Last week Harvard protesters occupied University Hall for roughly an hour to protest the university’s having denied tenure to Lorgia García Peña, a language professor at the university. Protesters also “called on Harvard to establish an Ethnic Studies department offering Ph.D.s in Ethnic Studies and concentrations and secondary fields in Native American and Indigenous Studies, Latinx Studies, Asian American Studies, Muslim American Studies, and Comparative Race and Ethnic Studies.”
This week, The Harvard Crimson reports, protesters once again occupied a campus building, this time the Office of Admissions and Financial Aid. Students reportedly protested with slogans such as “After you admit us don’t forget us” and “Want diversity? Teach our histories!”
The Crimson said one student “criticized Harvard for simultaneously ‘tokenizing’ students of color while denying them access to diverse curricula and faculty mentors.” That student declared at the event: “I am tired of Harvard using my story without giving me ethnic studies so I can fully understand what my story even means.”
From the report:
At one point during the protest, Dean of the College Rakesh Khurana arrived in the admissions office and sat down in the hallway, taking notes as he watched the students chant.
Khurana said in an interview after the protest that he attended the sit-in to listen to students’ concerns.

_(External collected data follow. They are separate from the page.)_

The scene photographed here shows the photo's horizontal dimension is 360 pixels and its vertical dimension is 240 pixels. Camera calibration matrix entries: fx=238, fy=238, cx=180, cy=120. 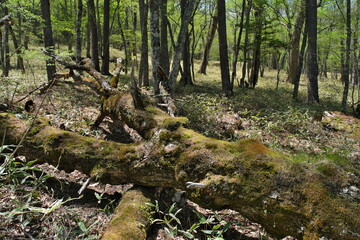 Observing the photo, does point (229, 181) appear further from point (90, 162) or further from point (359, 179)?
point (90, 162)

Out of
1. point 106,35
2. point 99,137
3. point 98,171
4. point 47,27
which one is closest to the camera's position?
point 98,171

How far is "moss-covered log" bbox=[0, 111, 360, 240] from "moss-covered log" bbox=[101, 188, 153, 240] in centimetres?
20

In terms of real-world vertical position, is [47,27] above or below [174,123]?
above

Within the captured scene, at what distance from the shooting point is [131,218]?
2908 millimetres

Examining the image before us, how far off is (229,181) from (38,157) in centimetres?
294

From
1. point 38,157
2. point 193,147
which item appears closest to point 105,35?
point 38,157

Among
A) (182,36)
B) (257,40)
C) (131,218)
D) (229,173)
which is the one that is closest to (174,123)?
(229,173)

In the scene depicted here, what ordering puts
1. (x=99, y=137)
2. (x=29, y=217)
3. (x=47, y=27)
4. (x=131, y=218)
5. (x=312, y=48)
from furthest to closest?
(x=312, y=48) → (x=47, y=27) → (x=99, y=137) → (x=131, y=218) → (x=29, y=217)

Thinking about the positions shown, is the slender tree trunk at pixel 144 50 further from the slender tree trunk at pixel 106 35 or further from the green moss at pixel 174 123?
the green moss at pixel 174 123

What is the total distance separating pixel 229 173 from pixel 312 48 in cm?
1147

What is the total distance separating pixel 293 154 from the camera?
542 cm

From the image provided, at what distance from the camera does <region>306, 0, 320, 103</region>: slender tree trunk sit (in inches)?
446

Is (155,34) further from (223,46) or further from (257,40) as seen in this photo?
(257,40)

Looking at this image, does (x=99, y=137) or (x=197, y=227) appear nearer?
(x=197, y=227) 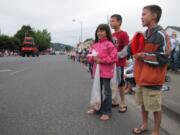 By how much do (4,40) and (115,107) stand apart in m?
107

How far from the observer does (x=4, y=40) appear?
111 m

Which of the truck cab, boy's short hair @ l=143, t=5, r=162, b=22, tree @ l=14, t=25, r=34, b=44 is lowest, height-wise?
the truck cab

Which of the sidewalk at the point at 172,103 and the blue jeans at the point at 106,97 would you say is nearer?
the blue jeans at the point at 106,97

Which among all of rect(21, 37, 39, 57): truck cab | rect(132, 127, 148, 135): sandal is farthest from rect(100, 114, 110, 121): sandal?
rect(21, 37, 39, 57): truck cab

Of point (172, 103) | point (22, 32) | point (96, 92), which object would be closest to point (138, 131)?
point (96, 92)

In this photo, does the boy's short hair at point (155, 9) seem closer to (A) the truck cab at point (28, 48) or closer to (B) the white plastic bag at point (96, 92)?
(B) the white plastic bag at point (96, 92)

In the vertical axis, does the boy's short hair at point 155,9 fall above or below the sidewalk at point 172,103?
above

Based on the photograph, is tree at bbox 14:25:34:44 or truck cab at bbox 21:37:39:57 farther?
tree at bbox 14:25:34:44

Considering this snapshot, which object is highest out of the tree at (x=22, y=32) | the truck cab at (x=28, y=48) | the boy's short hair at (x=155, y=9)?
the tree at (x=22, y=32)

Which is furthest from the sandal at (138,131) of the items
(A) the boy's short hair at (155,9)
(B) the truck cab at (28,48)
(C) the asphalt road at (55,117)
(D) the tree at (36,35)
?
(D) the tree at (36,35)

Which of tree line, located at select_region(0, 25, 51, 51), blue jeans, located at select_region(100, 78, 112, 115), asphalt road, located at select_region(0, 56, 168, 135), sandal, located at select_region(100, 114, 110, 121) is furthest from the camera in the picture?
tree line, located at select_region(0, 25, 51, 51)

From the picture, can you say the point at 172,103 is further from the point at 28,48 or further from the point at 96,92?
the point at 28,48

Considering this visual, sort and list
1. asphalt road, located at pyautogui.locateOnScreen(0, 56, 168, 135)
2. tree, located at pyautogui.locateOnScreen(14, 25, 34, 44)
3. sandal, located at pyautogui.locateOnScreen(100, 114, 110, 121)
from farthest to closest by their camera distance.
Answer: tree, located at pyautogui.locateOnScreen(14, 25, 34, 44), sandal, located at pyautogui.locateOnScreen(100, 114, 110, 121), asphalt road, located at pyautogui.locateOnScreen(0, 56, 168, 135)

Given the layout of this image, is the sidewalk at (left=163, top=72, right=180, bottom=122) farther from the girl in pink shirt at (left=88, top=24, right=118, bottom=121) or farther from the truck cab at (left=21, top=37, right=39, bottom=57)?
the truck cab at (left=21, top=37, right=39, bottom=57) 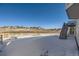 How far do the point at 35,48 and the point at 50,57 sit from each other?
14 cm

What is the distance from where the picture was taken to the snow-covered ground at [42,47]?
83.1 inches

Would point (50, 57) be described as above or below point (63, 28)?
below

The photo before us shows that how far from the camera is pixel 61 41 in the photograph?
2.14m

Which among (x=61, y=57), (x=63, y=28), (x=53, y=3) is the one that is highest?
(x=53, y=3)

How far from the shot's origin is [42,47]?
213 centimetres

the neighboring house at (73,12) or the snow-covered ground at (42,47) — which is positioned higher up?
the neighboring house at (73,12)

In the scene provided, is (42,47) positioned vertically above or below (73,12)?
below

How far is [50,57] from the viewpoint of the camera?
210 cm

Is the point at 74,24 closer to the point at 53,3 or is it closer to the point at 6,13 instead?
the point at 53,3

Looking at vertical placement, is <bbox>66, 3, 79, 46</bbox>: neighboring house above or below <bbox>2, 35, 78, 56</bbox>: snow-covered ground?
above

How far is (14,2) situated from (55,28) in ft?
1.24

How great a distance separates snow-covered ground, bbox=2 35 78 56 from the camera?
6.93 feet

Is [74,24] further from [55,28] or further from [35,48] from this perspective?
[35,48]

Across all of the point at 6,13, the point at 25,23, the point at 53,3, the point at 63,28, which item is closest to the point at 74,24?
the point at 63,28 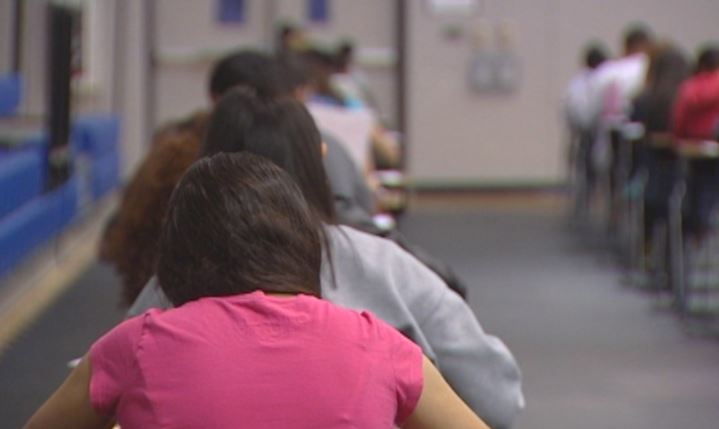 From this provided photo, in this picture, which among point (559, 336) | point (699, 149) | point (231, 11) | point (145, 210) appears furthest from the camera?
point (231, 11)

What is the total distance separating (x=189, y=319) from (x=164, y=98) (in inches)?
501

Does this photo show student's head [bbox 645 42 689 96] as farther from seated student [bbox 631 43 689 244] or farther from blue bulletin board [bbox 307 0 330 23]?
blue bulletin board [bbox 307 0 330 23]

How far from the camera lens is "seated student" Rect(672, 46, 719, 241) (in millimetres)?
7488

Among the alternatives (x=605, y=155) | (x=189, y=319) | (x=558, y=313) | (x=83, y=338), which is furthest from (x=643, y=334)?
(x=189, y=319)

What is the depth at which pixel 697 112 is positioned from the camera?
7.85m

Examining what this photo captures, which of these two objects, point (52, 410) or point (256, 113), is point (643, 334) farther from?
point (52, 410)

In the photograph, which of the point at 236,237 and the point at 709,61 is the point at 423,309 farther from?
the point at 709,61

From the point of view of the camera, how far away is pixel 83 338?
713 centimetres

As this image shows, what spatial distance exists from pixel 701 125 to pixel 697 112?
2.8 inches

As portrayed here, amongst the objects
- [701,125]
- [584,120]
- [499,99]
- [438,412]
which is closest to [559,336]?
[701,125]

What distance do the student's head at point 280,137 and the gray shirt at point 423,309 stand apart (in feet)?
0.35

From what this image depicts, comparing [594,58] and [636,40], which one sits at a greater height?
[636,40]

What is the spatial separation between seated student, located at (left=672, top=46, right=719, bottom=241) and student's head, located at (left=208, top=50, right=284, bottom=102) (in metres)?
3.17

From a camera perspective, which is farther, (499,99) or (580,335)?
(499,99) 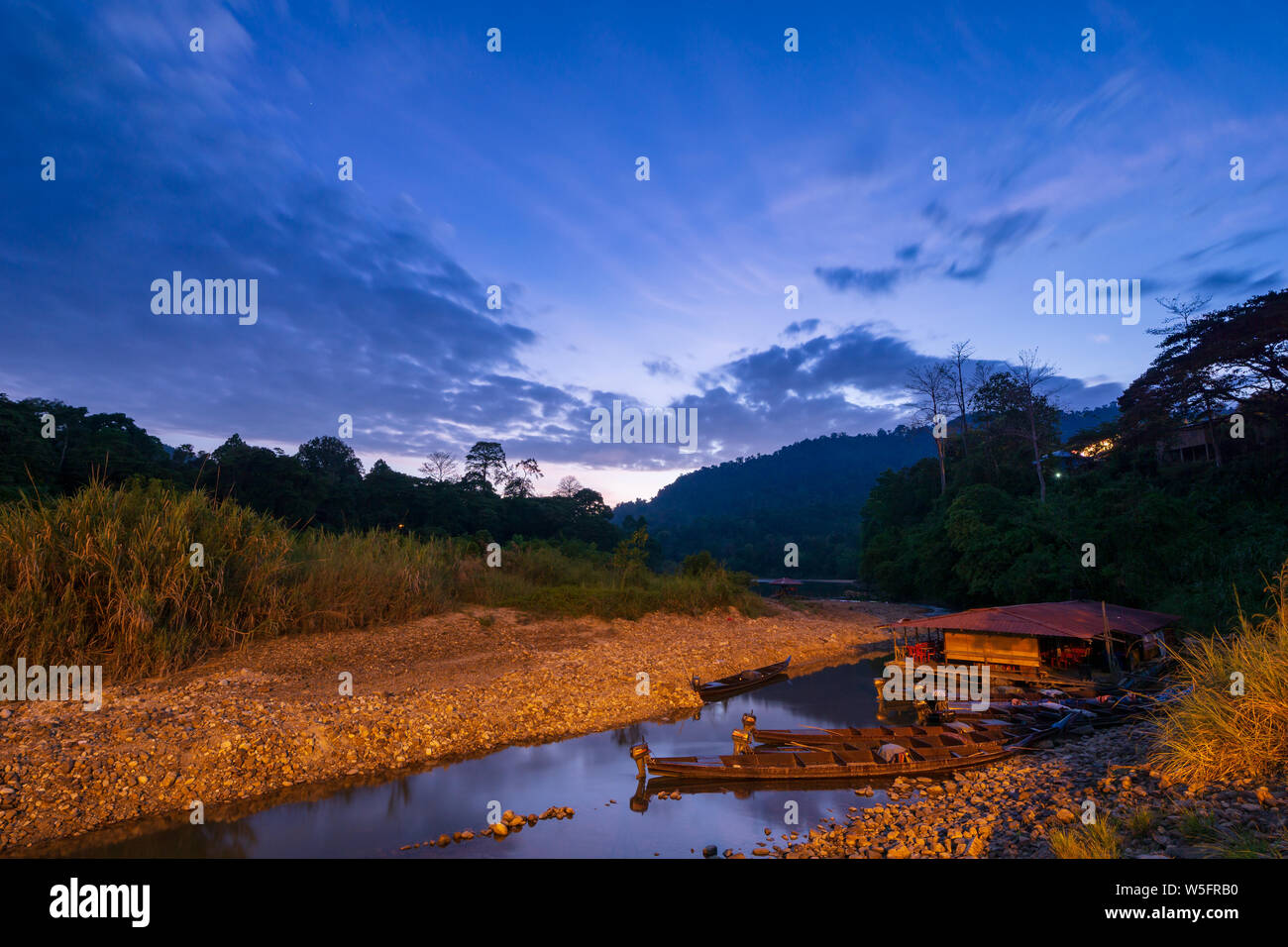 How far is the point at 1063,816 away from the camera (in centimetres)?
663

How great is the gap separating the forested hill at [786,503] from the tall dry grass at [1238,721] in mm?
34796

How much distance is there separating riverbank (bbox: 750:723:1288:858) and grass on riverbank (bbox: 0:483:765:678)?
10.8m

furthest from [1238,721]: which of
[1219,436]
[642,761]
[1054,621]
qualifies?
[1219,436]

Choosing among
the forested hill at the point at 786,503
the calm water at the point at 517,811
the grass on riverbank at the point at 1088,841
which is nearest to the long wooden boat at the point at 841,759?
the calm water at the point at 517,811

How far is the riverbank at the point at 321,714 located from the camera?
7543 mm

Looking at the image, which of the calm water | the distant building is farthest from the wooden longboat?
the distant building

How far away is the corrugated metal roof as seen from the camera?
14.7 meters

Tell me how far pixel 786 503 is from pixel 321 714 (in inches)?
3505

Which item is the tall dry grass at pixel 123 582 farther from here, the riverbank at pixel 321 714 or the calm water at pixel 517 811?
the calm water at pixel 517 811

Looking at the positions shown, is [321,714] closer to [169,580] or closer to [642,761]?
[169,580] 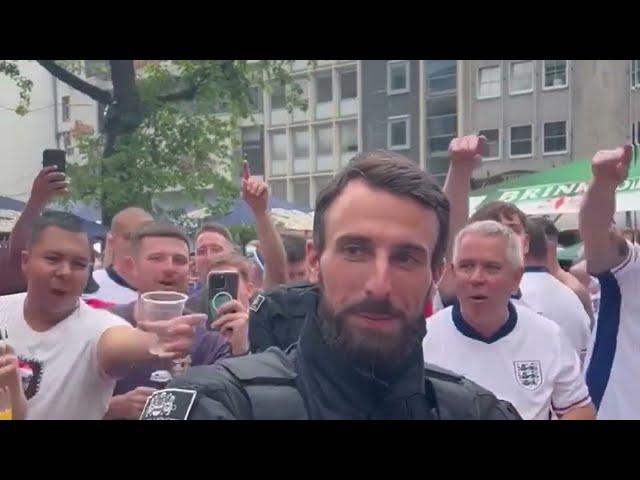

“Everybody on our campus deserves to be heard,” he said. “And I’m trying to understand what is important to them and see what we can do to continually strengthen dialogue and communication with the students.”
Students who work for the admissions office also spoke at the protest, calling on Harvard to reaffirm its commitment to diversity beyond admitting students of color by also creating a formalized ethnic studies program.
The demands of the protesters have not gone unnoticed. Earlier this week Dean of the Faculty of Arts and Sciences Claudine Gay wrote in an email that the university has a “strong institutional commitment” to creating an ethnic studies program.
The Crimson reports that, at a “teach-in” following the protest, Crimson reporters were asked to leave and were verbally harassed by activists there. Some protesters “physically tried to block The Crimson from taking photographs,” as well.